A study by Michael Cembalest for J.P. Morgan sought to measure how much state governments owe in bonded debt and liabilities for pensions and other post-employment benefits such as retiree health care.
To see how all the states would stack up, he assumed a 6 percent return on pension investments (Montana’s assumes a return 7.75 percent), level annual payments and a 30-year term for paying down liabilities. Then he compared the states.
Montana had the lowest obligations, followed by Nebraska, while Illinois and Connecticut had the highest.
“Based on all debt and pension obligations, we are the most fiscally prudent state of the 50 states,” state Budget Director Dan Villa said. “We have the lowest cost as a percentage of state revenues, and we’re making one of the highest percentage contributions toward it. The gist of it is our debts are lower and we have more money than other states to pay them.”
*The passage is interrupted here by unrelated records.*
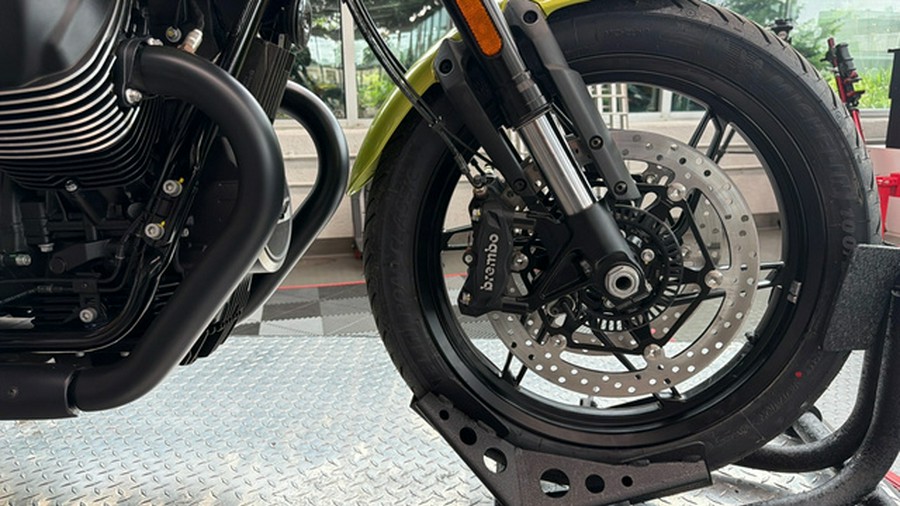 2026 Moto Guzzi V7 Sport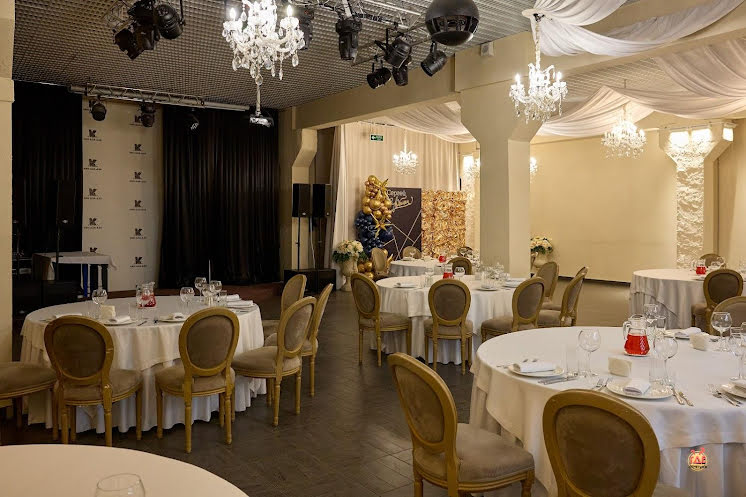 Банкетный зал «Каре» в «Кин-дза-дза» фотография №15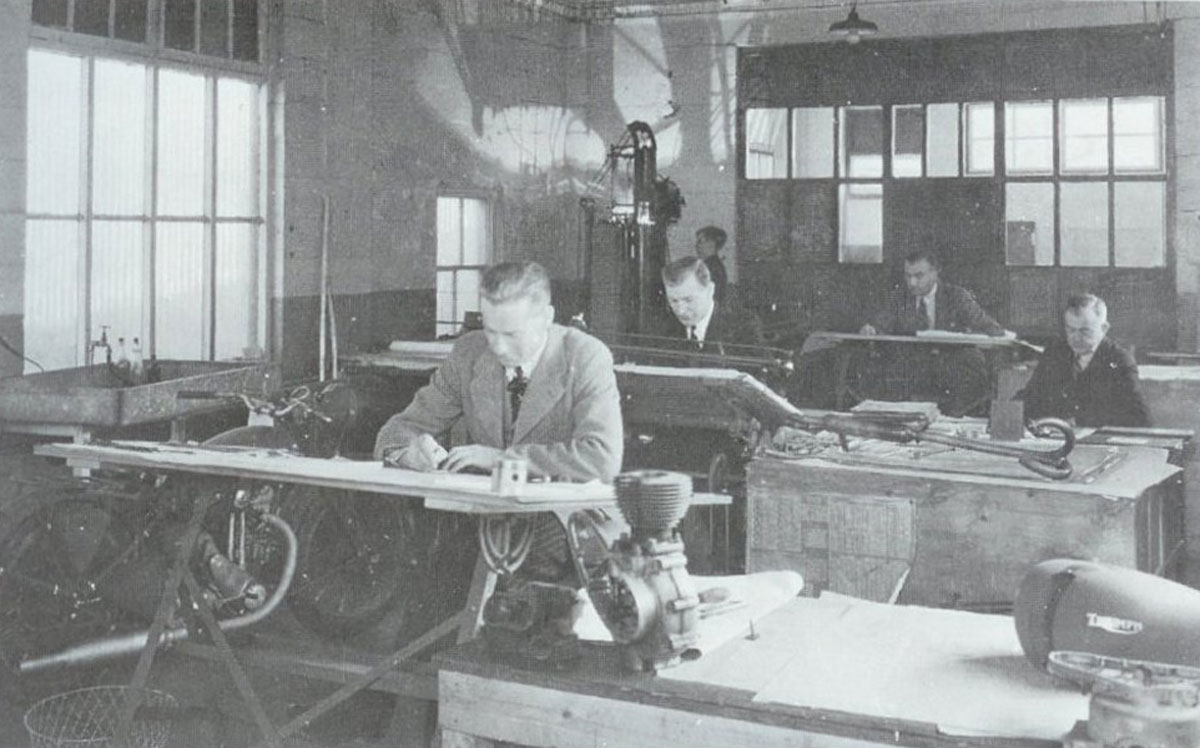 Ufficio tecnico con progettisti al lavoro negli anni '60.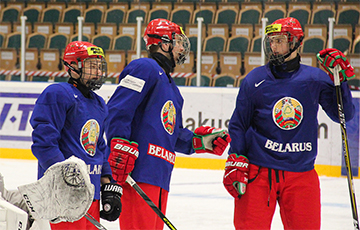 Пять белорусов попали в список реальных претендентов на драфт НХЛ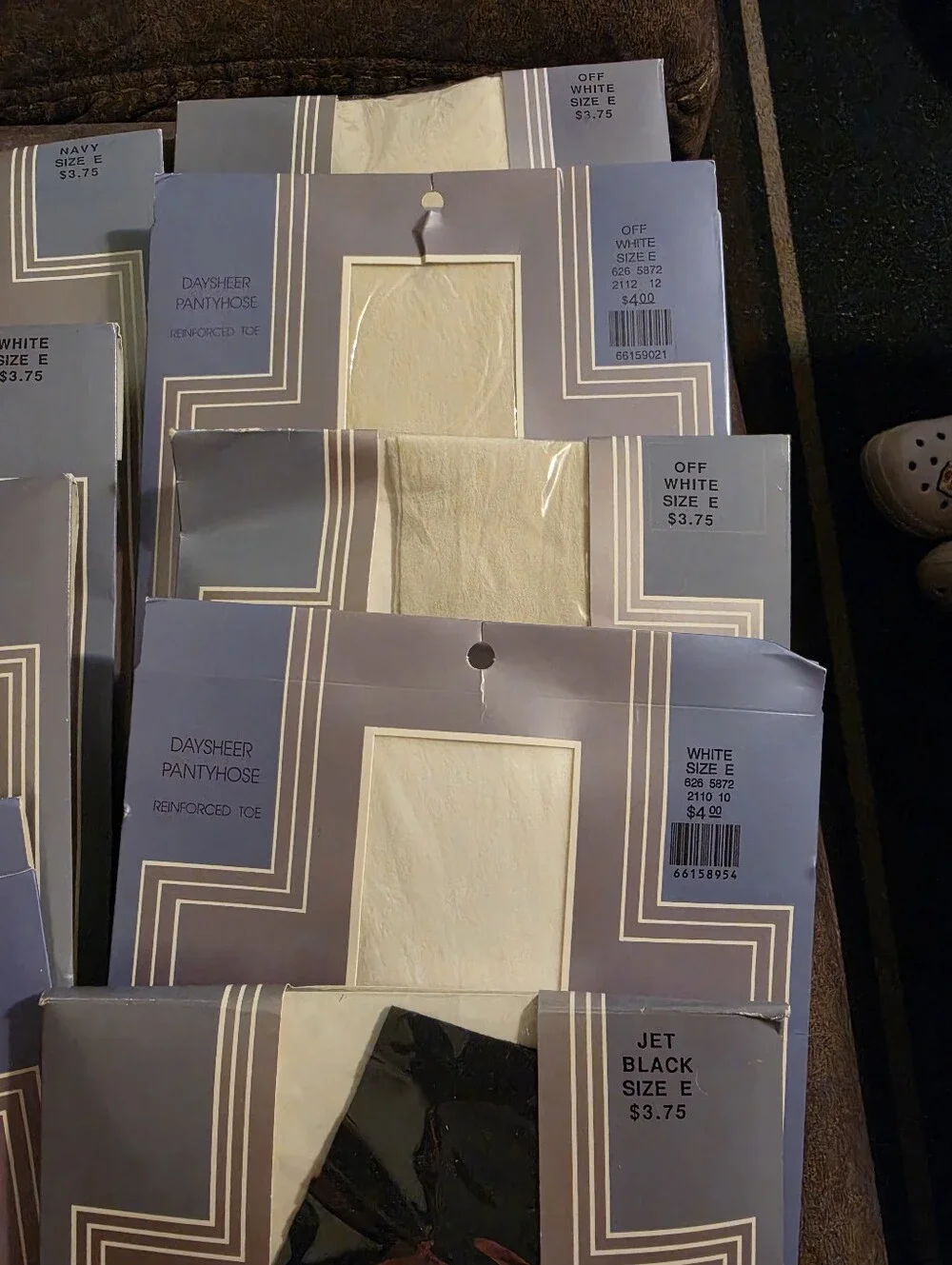 Gloria Vanderbilt Daysheer Reinforced Toe Pantyhose Assortment Of 14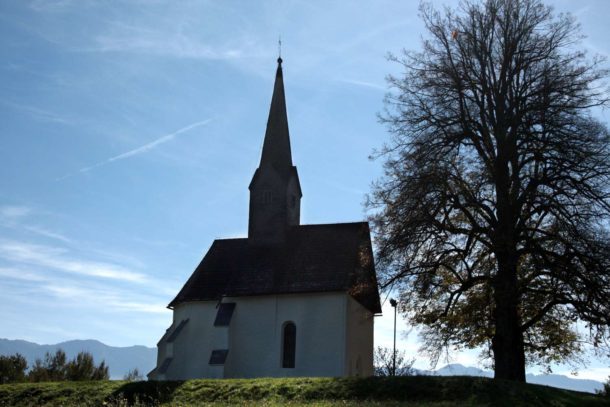 Foto Kleine Kirche Baum | Foto kaufen Foto kaufen | Fotoshop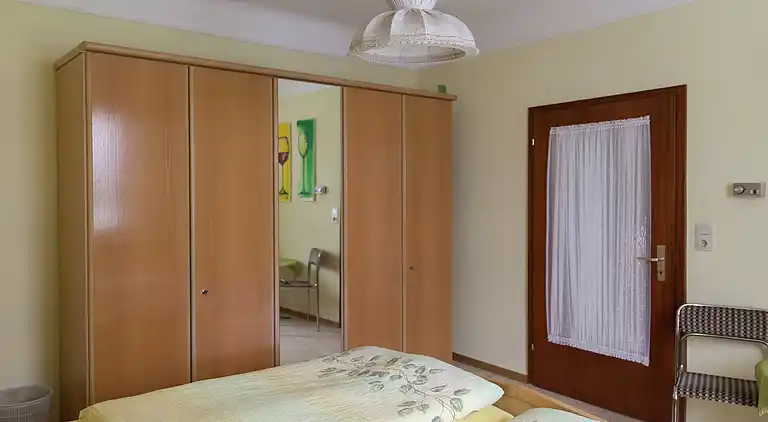 Holiday home in Heckenmünster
Gov. Steve Bullock has a solid fiscal management strategy, Villa said.
“The comparison to other states is further evidence of the fiscally responsible manner in which Montana state government is operating,” Bullock said.
“We are maintaining a rainy day fund to ensure we are prepared for unforeseen events like floods, fires or federal shutdowns, we are paying our bills so that we do not pass liabilities on to future generations, we gave all Montana businesses a tax cut, and we are making historic investments in education to ensure a future workforce that is prepared for the jobs of the future.”
Villa said Bullock made it clear in his first budget proposal that he wanted to leave a strong ending fund balance to weather a storm, not to spend more than the state takes in and address longer term liabilities like pensions, and that’s exactly what occurred.